Desbaste, lixamento e acabamento

Como escolher o grão da lixa para desbaste e acabamento

A granulometria da lixa determina o quanto de material será removido e o nível de acabamento deixado na superfície. Escolher o grão correto e fazer uma progressão adequada entre as etapas ajuda a trabalhar com mais controle, reduzir marcas e chegar ao acabamento desejado com menos retrabalho.

Escolher uma lixa não significa apenas decidir entre uma folha, um disco ou uma cinta abrasiva. A granulometria, normalmente identificada por números como 40, 80, 120, 220 ou 400, tem influência direta sobre o comportamento do abrasivo durante o trabalho.

De maneira geral, quanto menor o número do grão, mais agressiva tende a ser a remoção.

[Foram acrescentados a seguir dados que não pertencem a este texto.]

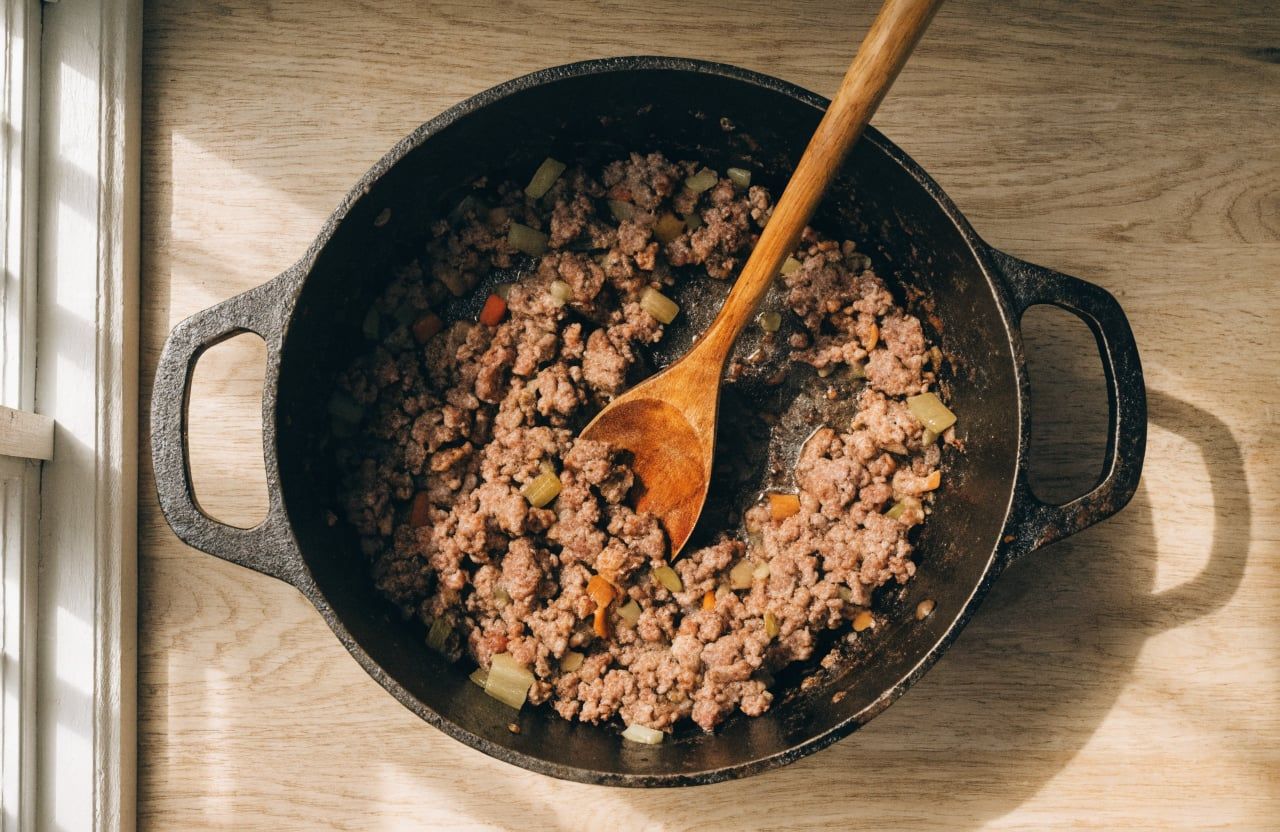 Browned ground beef crumbles with soft onion, carrot and celery in a Dutch oven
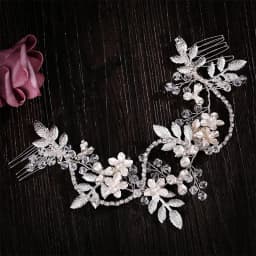 Wedding jewelry flower hair jewelry Rhinestone handmade pearl crystal leaf Hair Band Bridal headdress luxury female gift jewelry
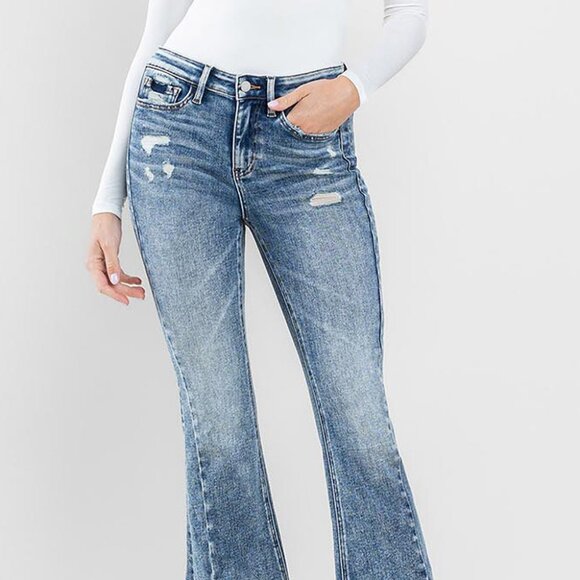 Flying Monkey Smilingly High Rise Split Hem Flare - NWT SZ 15 (32) - Picture 2 of 5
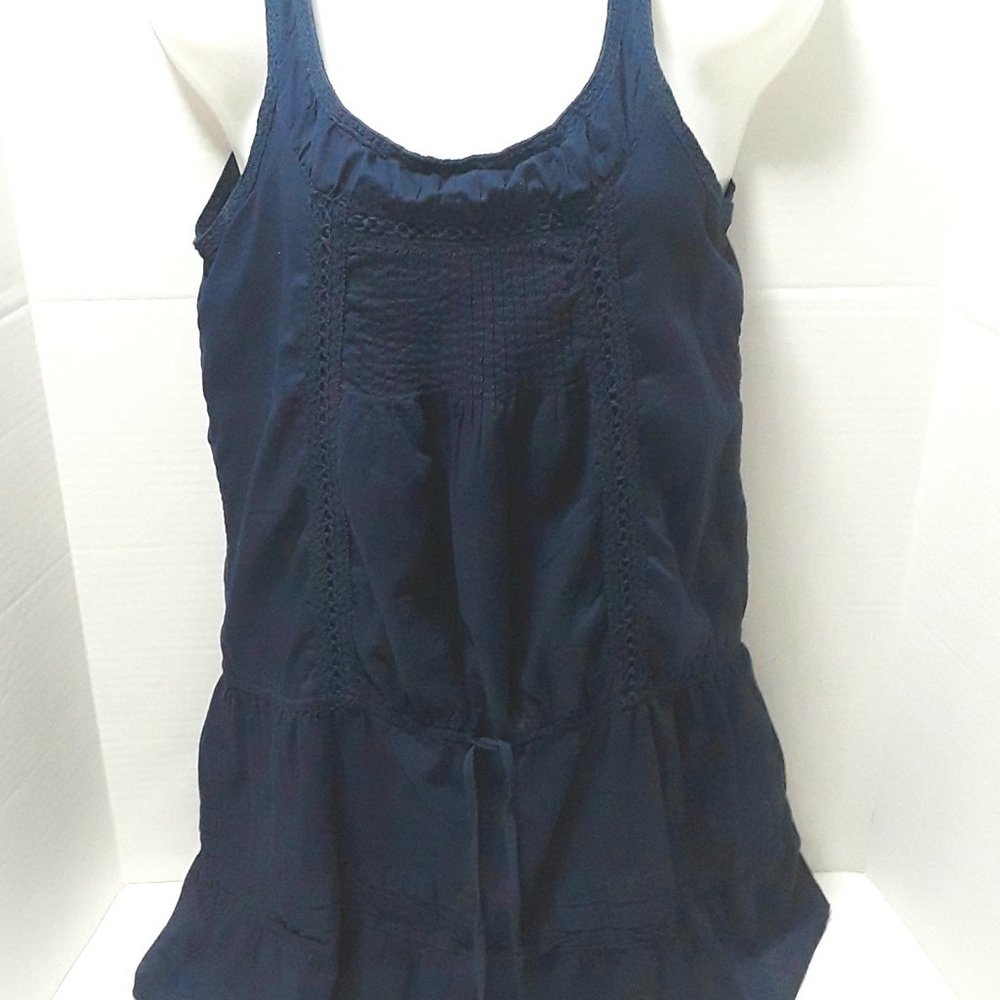 Abercrombie & Fitch Mini Tank Dress or Tunic Top Navy Crochet Lined S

À medida que o número aumenta, a abrasividade fica mais fina e o objetivo passa a ser preparar, uniformizar ou melhorar o acabamento da superfície.

Essa lógica parece simples, mas a escolha correta também depende do material, do estado inicial da peça, do equipamento utilizado e do resultado esperado.

Uma chapa com oxidação intensa, por exemplo, pode exigir uma abordagem muito diferente de uma superfície metálica que já passou por desbaste e precisa apenas ser preparada para receber acabamento.

Por isso, entender a função de cada faixa de granulometria ajuda a evitar dois problemas bastante comuns: utilizar uma lixa fina demais para um trabalho pesado ou usar um abrasivo agressivo quando a superfície já está próxima do acabamento final.

O que significa o número do grão da lixa

Os números encontrados nas lixas representam a classificação da granulometria do abrasivo.

Embora existam diferentes normas e sistemas de classificação, a lógica prática é semelhante: grãos menores são mais grossos e grãos maiores são mais finos.

Assim, uma lixa de grão 40 possui uma ação significativamente mais agressiva do que uma lixa de grão 220.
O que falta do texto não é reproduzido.